Parents reminded they are the first teachers of children

…at World Literacy Day

Nine-year-old Sabirah Khan (DPI photo)

During a “School, Community and Stakeholders’ Engagement” held to commemorate World Literacy Day and National Education Day locally, education ministry officials advised parents that their children’s level of achievement is largely dependent on family involvement.

Commemorating Literacy Day 2017, under the theme “Literacy in a Digital World,” the event was held on Friday at the South Ruimveldt Park Primary School, and brought together the parents of students from several city primary and nursery schools.

“You are the first teachers of your children…what we have are parents who want their children to go to the best schools, but they are not prepared to make sacrifices for all schools to become the best schools,” Nadia Hollingsworth, Parent-Teacher Association (PTA)  Coordinator said in her address to the parents, as she spoke about the roles and responsibilities they hold when it comes to their child’s education.

Hollingsworth stated that according to research, parental involvement is even more a determining factor of a child’s achievement than any other characteristic, including income level.

Students in their literacy costumes during the ‘Reading Carnival’ (DPI photo)

“….we have a situation of apathy in some schools—Nobody wants their children to go to those schools because we are not willing to work as families and community members to build strong schools so that all children in our communities can benefit,” she said.

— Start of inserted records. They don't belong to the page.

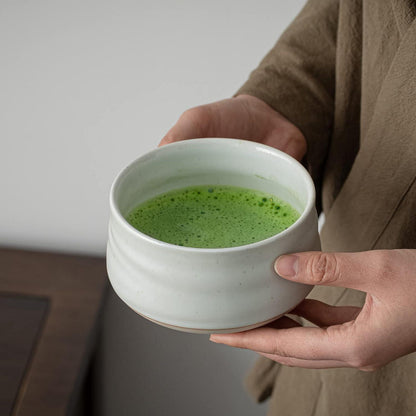 Japanische Elfenbeinweiße Matcha-Schale 18oz Keramik Matcha-Teeschale
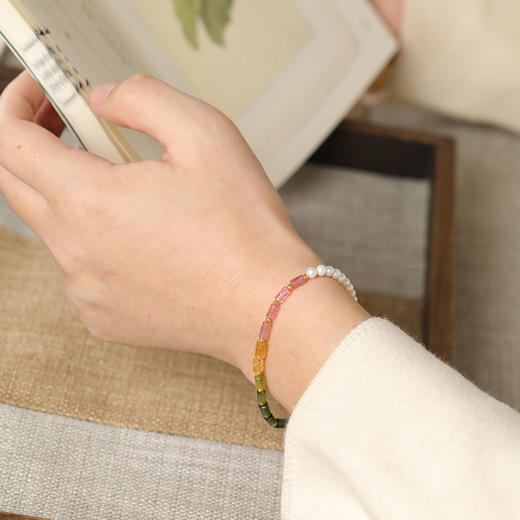 沁语系列碧玺珍珠手链 商品图4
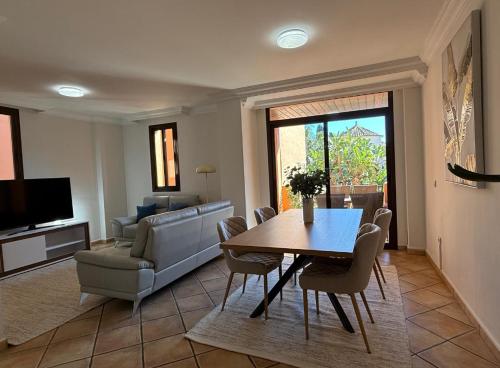 Elegant Suite Near Sea and Port Banus in ซาลาดิโย เบนามารา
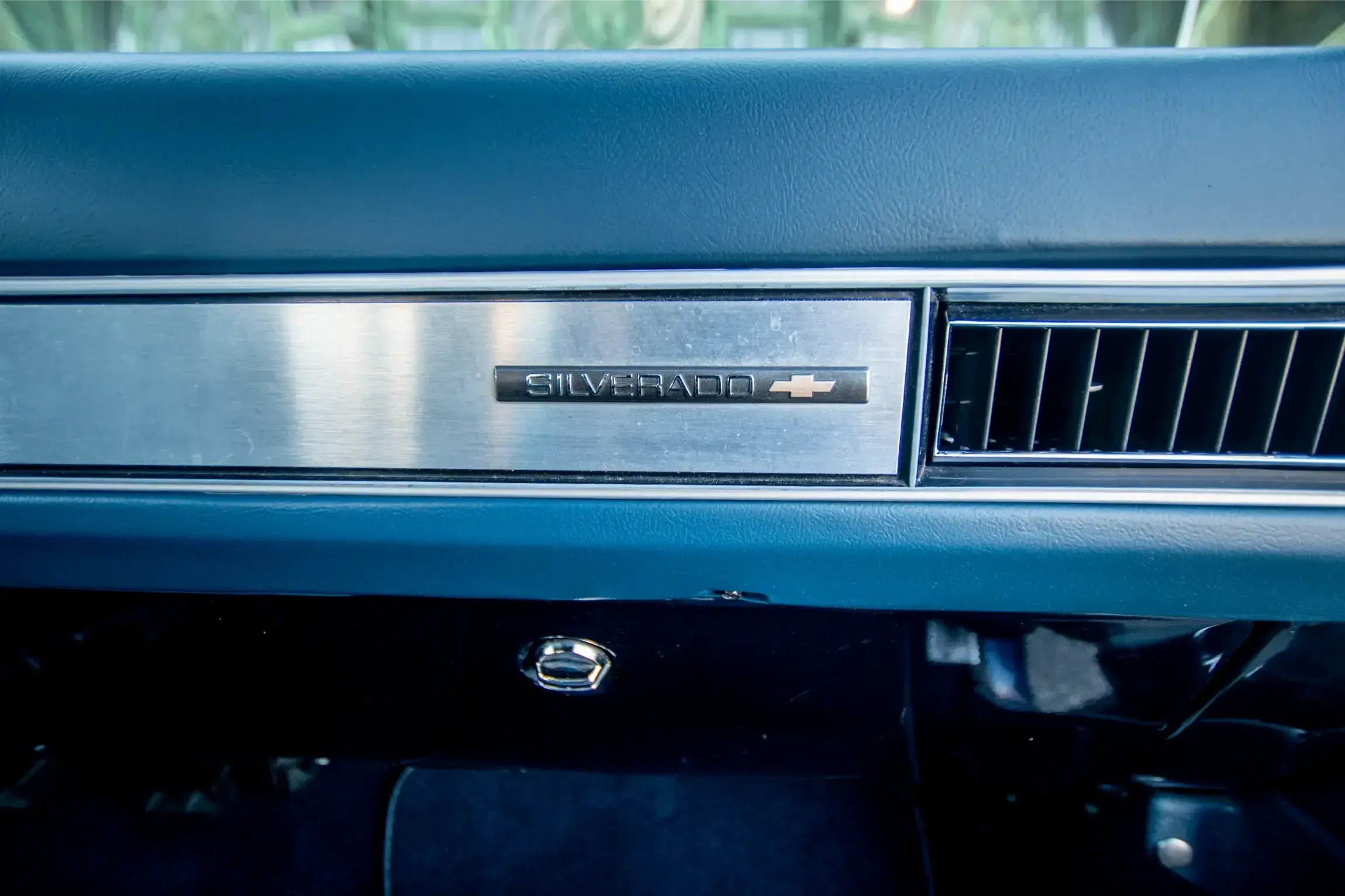 Sold: 1990 Chevrolet K5 Blazer V1500 4×4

She advised that, among other things, parents keep the communication channels open with teachers and monitor their children’s homework and assignments.

In an earlier presentation, made by Sherryann Vandeyar, a Supervisor of Family Planning Services at the Child Care and Protection Agency, the parent-audience was dealt tips on techniques that can be used in the home to get them more involved with their children. These included watching how their children interface online, and leading by example.

“It is important that we understand that we are always, always teaching a lesson,” Vandeyar stated.

The gathering at the reading carnival (DPI photo)

Meanwhile, Chief Education Officer Marcel Hutson recalled efforts being made by the Ministry of Education to improve child literacy, noting that they are presently distributing literacy resource toolkits to all Grade One classes. He noted that the ministry is working to have all schools internet accessible and equipped with a computer lab and tablets.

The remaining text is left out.